Published on

Making Microservices Fault Tolerant with Code Examples

Table of Contents

In the world of microservices, where software systems are divided into small, independent components, fault tolerance becomes an essential factor for success. But what exactly is fault tolerance, and why does it matter?

Fault tolerance is the ability of a system to continue operating, even if some of its components fail or are interrupted.

A component could be anything, like a database, message broker, storage, or even a service. Any one or more of these could fail, but a system should handle that gracefully and stop the ripple effect as close to the source as possible.

In the context of microservices, it becomes even more important as we have even more components in the form of these services. So we need to design and implement mechanisms that ensure individual services can handle unexpected errors or failures without causing a complete system breakdown.

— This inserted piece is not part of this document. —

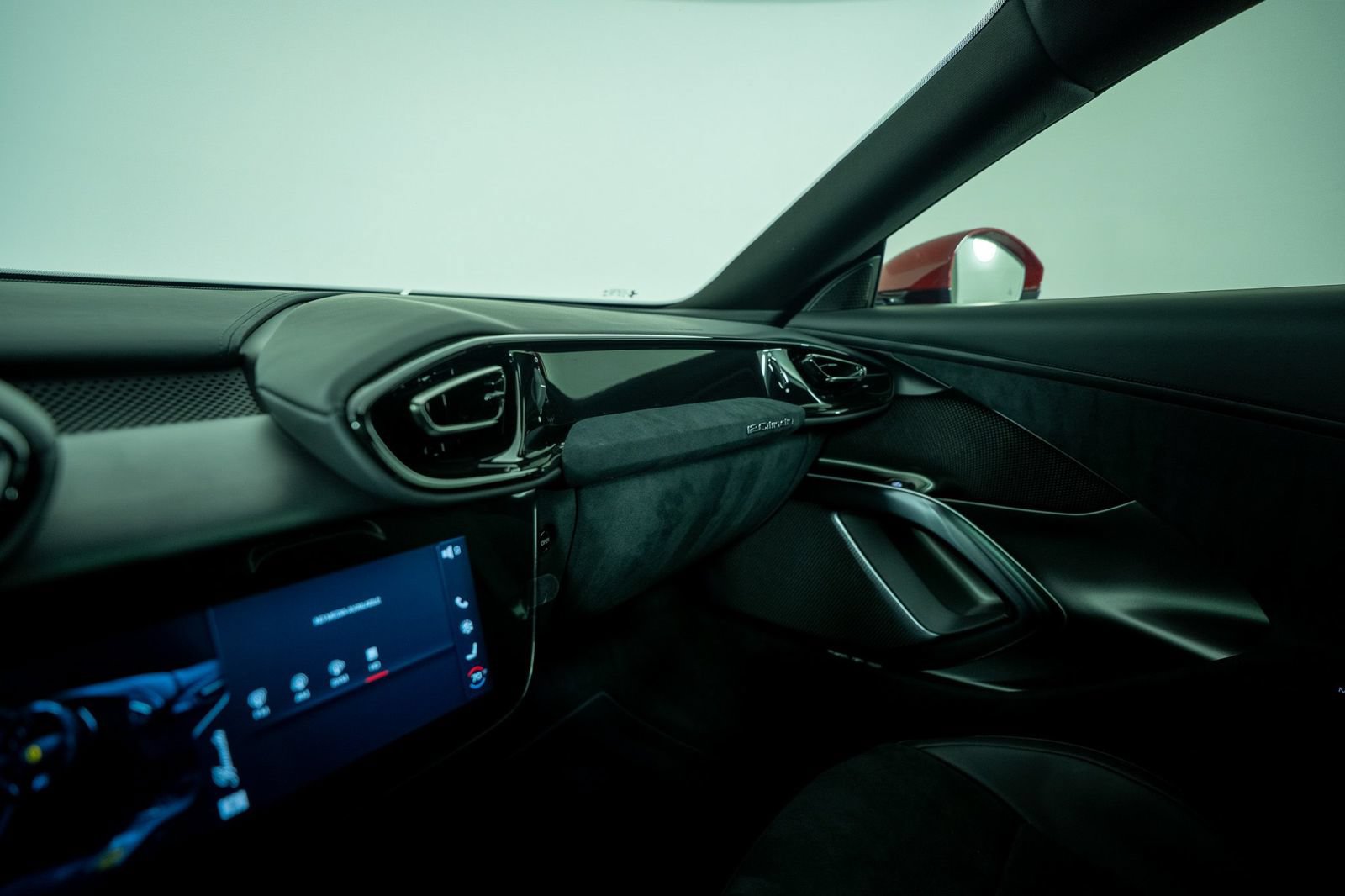Certified 2025 Ferrari 12Cilindri RWD image 39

Fault Tolerance in Microservices

The most common breaking point in microservices is inter-service communication. When multiple services interact with each other to fulfill a specific task, errors can occur during this communication process. To make microservices fault tolerant, it is crucial to address these potential errors and ensure a reliable communication mechanism.

In microservices architecture, there are two types of communication:

  • Synchronous
  • Asynchronous

Asynchronous communication is already inherently fault tolerant because it leverages intermediaries such as message queues. These intermediaries decouple services and provide a buffer that can handle intermittent failures. Consequently, asynchronous communication naturally lends itself to fault tolerance.

While infrastructure components going down is rare due to reliable cloud-based resources, we still need to address these potential errors and handle them appropriately but this post will primarily focus on communication-related failures.

On the other hand, synchronous communication requires immediate responses and can be more prone to failures. However, several patterns and techniques can be employed to make synchronous communication fault-tolerant:

  1. Timeout
  2. Retry
  3. Exponential Backoff
  4. Circuit Breaker
  5. Rate Limiting
  6. Caching

Timeouts

Timeouts define the maximum duration for a service to receive a response before considering it a failure.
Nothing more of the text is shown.